January 11, 1998 in Sports

Packers Regain Look Of A Champion Embarrassing Defeat Sent Green Bay Searching For Answers

Ken Murray Baltimore Sun
 

When the Green Bay Packers were shredded for 467 yards and 41 points in a Week 12 loss to the then-winless Indianapolis Colts, they reached a critical point in the season.

“Our defense was atrocious,” said safety Eugene Robinson. “We looked like we never saw a 7-route.”

That was the game that defensive coordinator Fritz Shurmur called the worst coaching job of an illustrious career.

That was the game when defensive end Reggie White, in unrelenting pain from a bulging disk in his back, openly contemplated retirement.

That was the game that got the Green Bay defense back on track. Finally. The Packers (14-3) haven’t lost since then, and they take a six-game winning streak into today’s National Football Conference Championship Game against the San Francisco 49ers (14-3) at 3Com Park.

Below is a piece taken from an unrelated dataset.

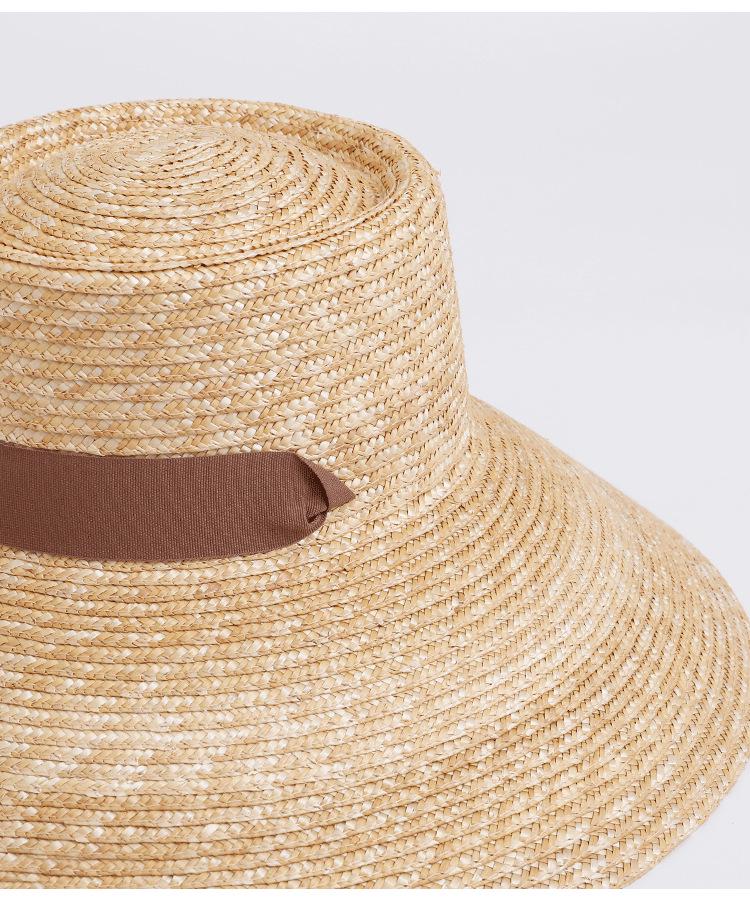 Women's Wide Brim Straw Hat with Ribbon for Beach Vacation and Sun Protection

A victory would send the Packers to Super Bowl XXXII in San Diego in two weeks for a chance to repeat as league champions.

In that Week 12 loss, the Packers’ defense looked to be in chaos. In the first 11 games of the season, it had given up an average of 19.7 points and 336.6 yards a game.

Hampered by the loss of his best cornerback, Craig Newsome, a nagging injury to run-stopper Gilbert Brown and a perceptible decline in the Hall of Fame career of White, Shurmur’s defense had gone soft. The venerable coordinator was reluctant to blitz so he wouldn’t have to expose his cornerbacks to man-to-man coverages.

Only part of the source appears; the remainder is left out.